* _Required action_:
Reproduce the material that follows, please, but only from its first line to the line containing "Varios bomberos trabajan", inclusive.

*** Begin section ***

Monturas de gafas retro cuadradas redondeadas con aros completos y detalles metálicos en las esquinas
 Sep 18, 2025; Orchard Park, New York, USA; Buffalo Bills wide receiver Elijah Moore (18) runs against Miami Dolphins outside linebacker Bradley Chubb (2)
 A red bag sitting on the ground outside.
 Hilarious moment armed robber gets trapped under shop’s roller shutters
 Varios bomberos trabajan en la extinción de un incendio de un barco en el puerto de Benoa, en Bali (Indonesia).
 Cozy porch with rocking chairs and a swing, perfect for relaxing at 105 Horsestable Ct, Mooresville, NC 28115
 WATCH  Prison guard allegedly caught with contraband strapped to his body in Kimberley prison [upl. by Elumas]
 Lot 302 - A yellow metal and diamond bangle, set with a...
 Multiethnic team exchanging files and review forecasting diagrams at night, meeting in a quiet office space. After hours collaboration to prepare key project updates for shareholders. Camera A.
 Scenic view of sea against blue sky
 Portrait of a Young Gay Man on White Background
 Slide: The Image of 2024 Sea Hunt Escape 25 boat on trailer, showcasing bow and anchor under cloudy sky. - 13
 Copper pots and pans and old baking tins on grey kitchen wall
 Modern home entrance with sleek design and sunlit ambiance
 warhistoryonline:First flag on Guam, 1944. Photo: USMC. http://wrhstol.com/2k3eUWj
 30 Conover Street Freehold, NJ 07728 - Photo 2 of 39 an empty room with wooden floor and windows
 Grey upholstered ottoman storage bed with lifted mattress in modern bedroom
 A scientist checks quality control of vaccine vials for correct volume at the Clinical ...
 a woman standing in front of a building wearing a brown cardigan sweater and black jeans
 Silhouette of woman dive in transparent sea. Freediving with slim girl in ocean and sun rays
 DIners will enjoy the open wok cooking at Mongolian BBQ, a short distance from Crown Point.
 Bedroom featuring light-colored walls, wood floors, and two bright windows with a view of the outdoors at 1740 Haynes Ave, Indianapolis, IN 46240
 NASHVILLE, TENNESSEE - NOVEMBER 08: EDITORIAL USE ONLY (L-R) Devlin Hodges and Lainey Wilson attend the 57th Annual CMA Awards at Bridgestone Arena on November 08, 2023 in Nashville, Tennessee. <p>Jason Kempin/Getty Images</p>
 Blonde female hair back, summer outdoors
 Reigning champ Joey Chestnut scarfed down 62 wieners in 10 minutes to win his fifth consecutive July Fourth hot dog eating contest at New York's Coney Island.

*** End section ***

* _Solution for this problem_:
Monturas de gafas retro cuadradas redondeadas con aros completos y detalles metálicos en las esquinas
 Sep 18, 2025; Orchard Park, New York, USA; Buffalo Bills wide receiver Elijah Moore (18) runs against Miami Dolphins outside linebacker Bradley Chubb (2)
 A red bag sitting on the ground outside.
 Hilarious moment armed robber gets trapped under shop’s roller shutters
 Varios bomberos trabajan en la extinción de un incendio de un barco en el puerto de Benoa, en Bali (Indonesia).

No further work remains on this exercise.